- The Washington Times - Tuesday, June 5, 2007

SANTA CRUZ, Bolivia — Nicaraguan President Daniel Ortega set out today on a tour of Middle East countries, including Iran and Libya, aboard a presidential jet provided by Libyan dictator Moammar Gadhafi.

Col. Gadhafi loaned Mr. Ortega the luxury Boeing in order to “cut costs,” according to Mr. Ortega, who began the 10-day trip with a stop in Venezuela for talks with President Hugo Chavez. He will visit Cuba on his way home.

Mr. Chavez has encouraged his Latin American allies to strengthen ties with Middle Eastern governments such as that of Iran.

In Caracas, Mr. Ortega told a reporter he would not be worried by any U.S. objections to his visiting Iran.

“We are not asking permission from any country, from any president about who we meet, where we meet or what we talk about,” he said in response to a question.

He told Reuters news agency that the main purpose of his trip was to seek investment in Nicaragua. “We want to improve relations with Iran in all areas,” he said.

Mr. Ortega’s regional tour was arranged in April when his son, Manuel, visited Libya to hand Col. Gadhafi a message expressing the Nicaraguan president’s desire to “work toward the unity of the peoples of Latin America and Africa.”

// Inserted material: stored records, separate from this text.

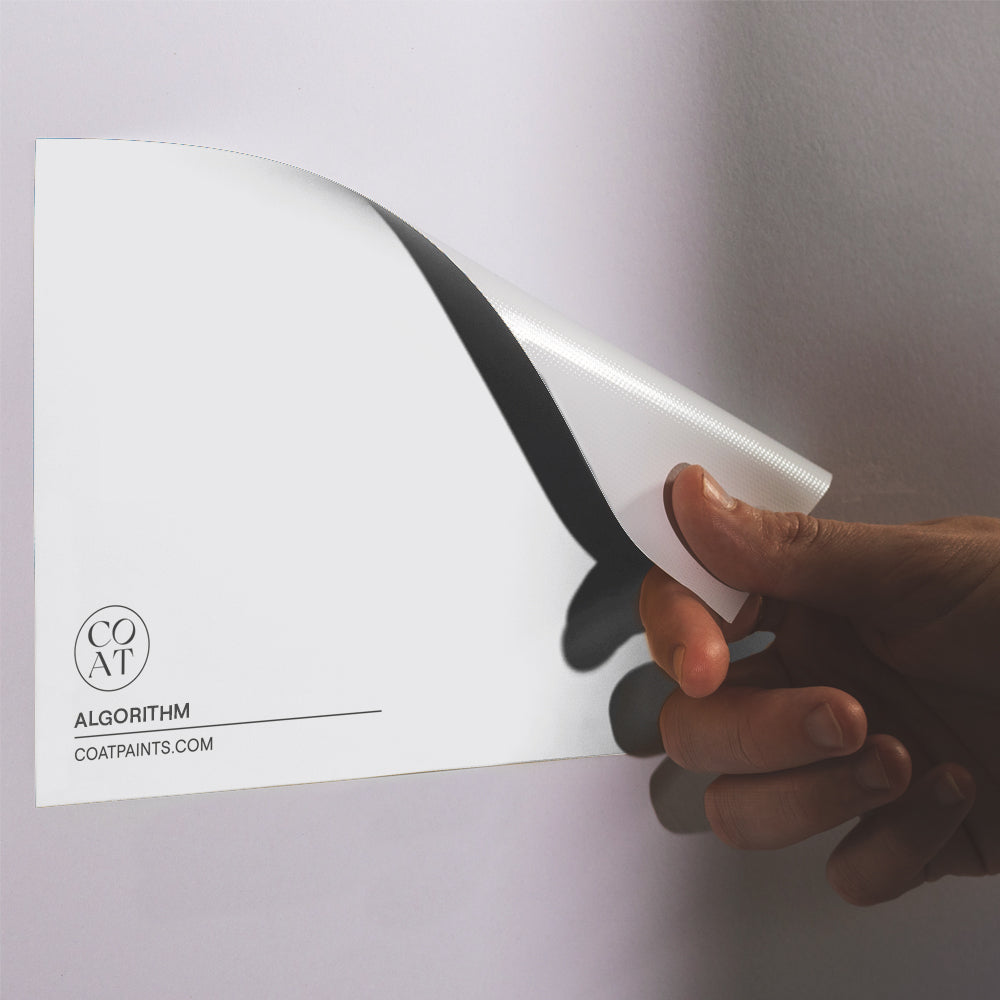 Light Cool Grey paint called Algorithm by COAT Paints the eco friendly paint company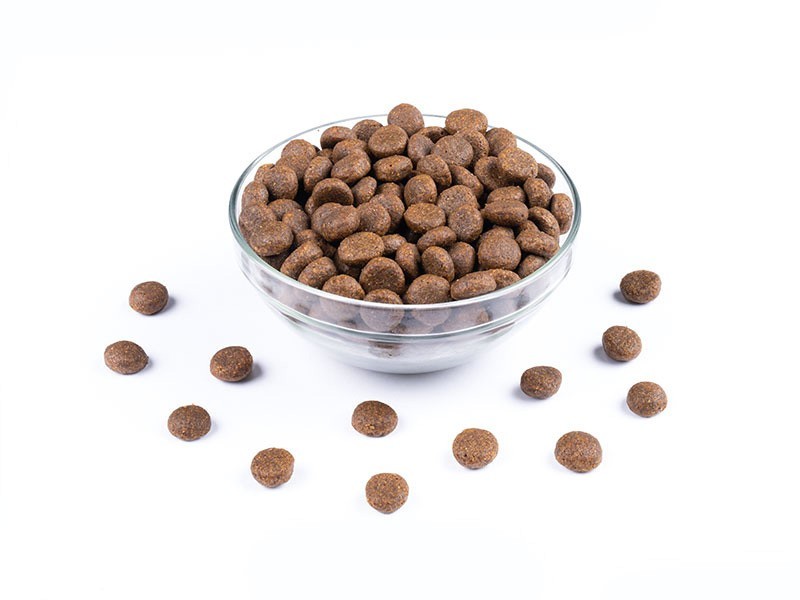 StarVita granule pre dospelé psy kura, ryba 12kg - foto 4 StarVita granule pre dospelé psy kura, ryba 12kg - foto 4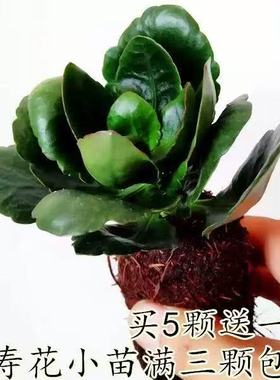 精品长寿花小苗花卉重瓣单瓣大花金狐狸鹿角长寿花苗四季绿植室内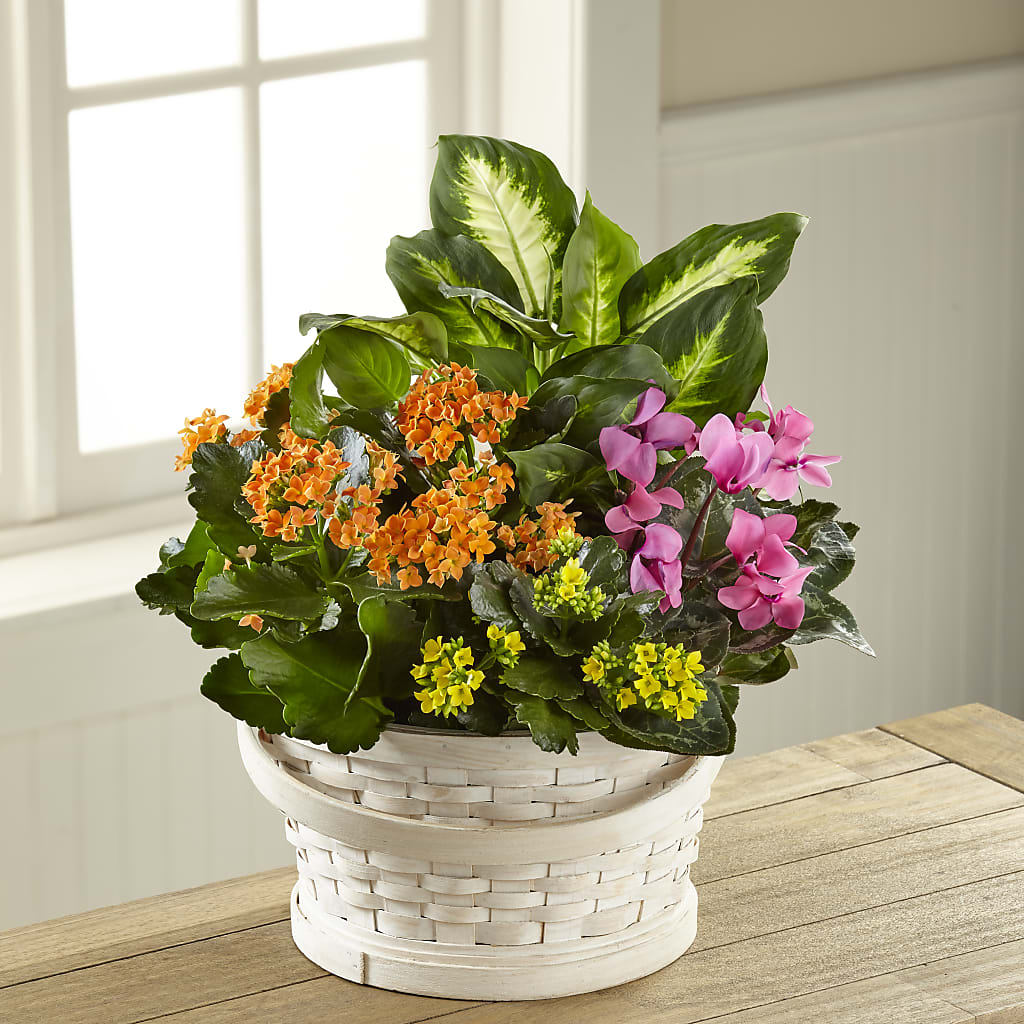 Color Crush Dishgarden – Paiges Petals Floral Design, Stanton MI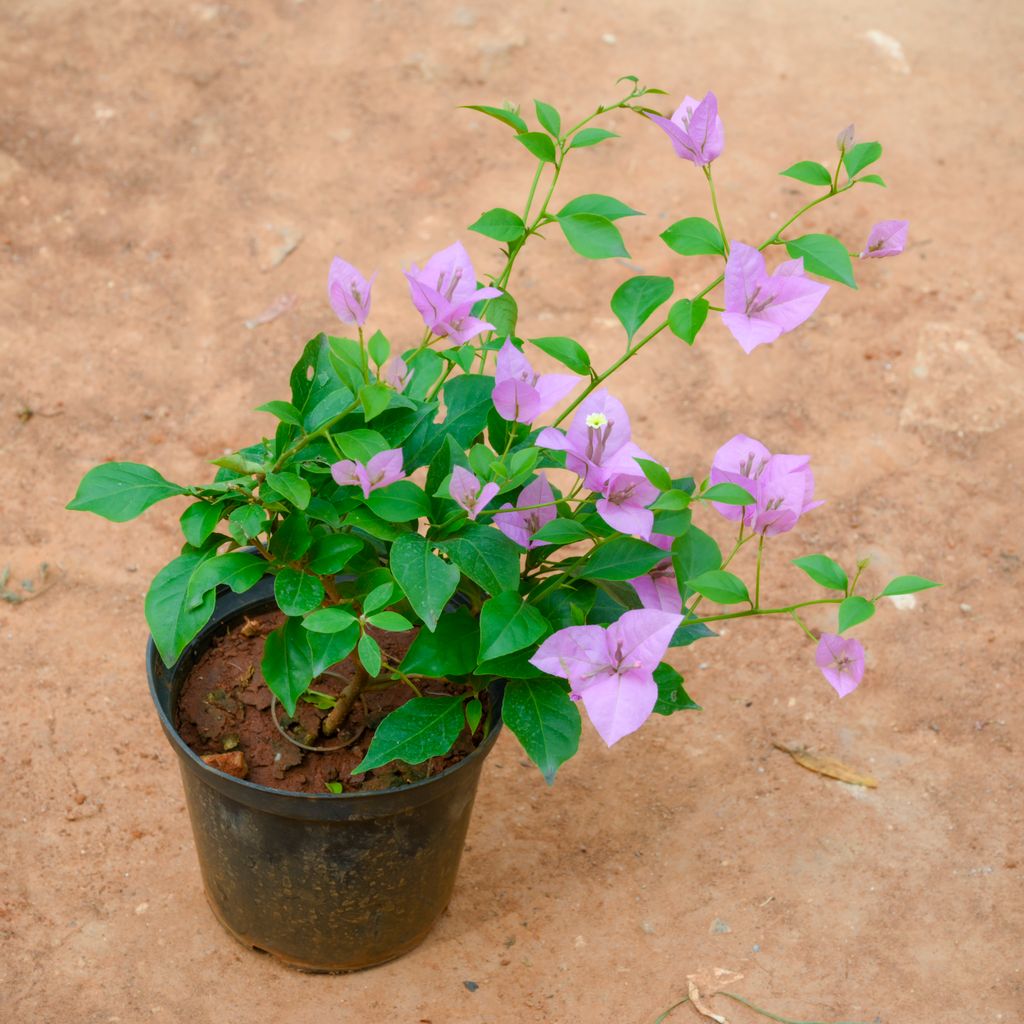 Bougainvillea Purple in 6 Inch Nursery Pot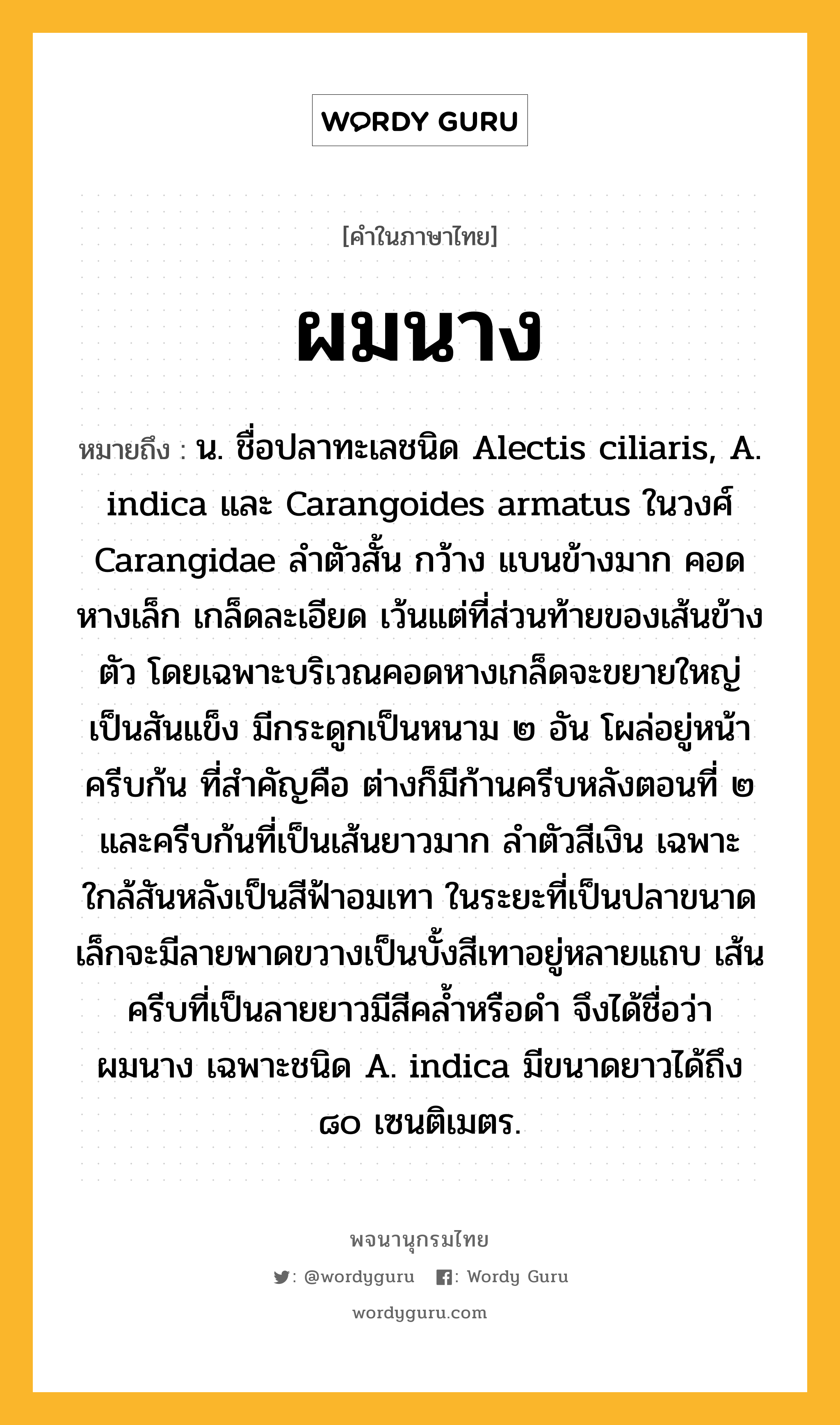 ผมนาง ความหมาย หมายถึงอะไร?, คำในภาษาไทย ผมนาง หมายถึง น. ชื่อปลาทะเลชนิด Alectis ciliaris, A. indica และ Carangoides armatus ในวงศ์ Carangidae ลําตัวสั้น กว้าง แบนข้างมาก คอดหางเล็ก เกล็ดละเอียด เว้นแต่ที่ส่วนท้ายของเส้นข้างตัว โดยเฉพาะบริเวณคอดหางเกล็ดจะขยายใหญ่เป็นสันแข็ง มีกระดูกเป็นหนาม ๒ อัน โผล่อยู่หน้าครีบก้น ที่สําคัญคือ ต่างก็มีก้านครีบหลังตอนที่ ๒ และครีบก้นที่เป็นเส้นยาวมาก ลําตัวสีเงิน เฉพาะใกล้สันหลังเป็นสีฟ้าอมเทา ในระยะที่เป็นปลาขนาดเล็กจะมีลายพาดขวางเป็นบั้งสีเทาอยู่หลายแถบ เส้นครีบที่เป็นลายยาวมีสีคลํ้าหรือดํา จึงได้ชื่อว่า ผมนาง เฉพาะชนิด A. indica มีขนาดยาวได้ถึง ๘๐ เซนติเมตร.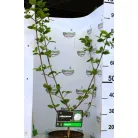 Illatos bangita Viburnum carlcephalum C5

Mr. Ortega also told Col. Gadhafi that he plans to emulate Libya’s system of “direct peoples’ democracy,” according to a March 20 dispatch by JANA, Libya’s official news agency, which reported a telephone conversation between the two leaders.

“President Ortega informed the leader about the formation of People’s Assemblies and People’s Committees at the municipal level in Nicaragua in order to start applying direct people’s democracy and to enable the Nicaraguan people to practice authority guided by the Jamahiriyah theory,” the dispatch said.

Iran’s foreign minister, Manouchehr Mottaki, traveled last month to Venezuela and Nicaragua, where he announced plans for an “imminent” meeting between Mr. Ortega and Iranian President Mahmoud Ahmadinejad.

Mr. Ortega has enjoyed close relations with Iranian leaders and Col. Gadhafi since the 1980s, when Libya provided arms to his Sandinista government for its war against U.S.-backed Contra rebels.

Mr. Ortega’s government was unseated in free elections in 1988, and he remained in opposition until winning elections last year.

Col. Gadhafi reportedly helped Mr. Chavez to consolidate his authoritarian government, which last week took control of Venezuela’s main independent television channel, RCTV.

Maj. Juan Castillo, a former presidential pilot for Mr. Chavez, said that he flew 300 militants of Venezuela’s ruling party to train as “social activists” in Libya in 2001.

According to U.S. intelligence reports, Libya provided engineers, computer technicians and security specialists to help break an opposition-led strike that crippled Venezuela’s oil industry in 2002.

Bolivian President Evo Morales, another ally of Mr. Chavez, received a $500,000 prize from Col. Gadhafi in 2003.

Mr. Morales himself has used Mr. Chavez’s presidential aircraft during repeated trips abroad. Mr. Morales has also called for expanded trade with Iran.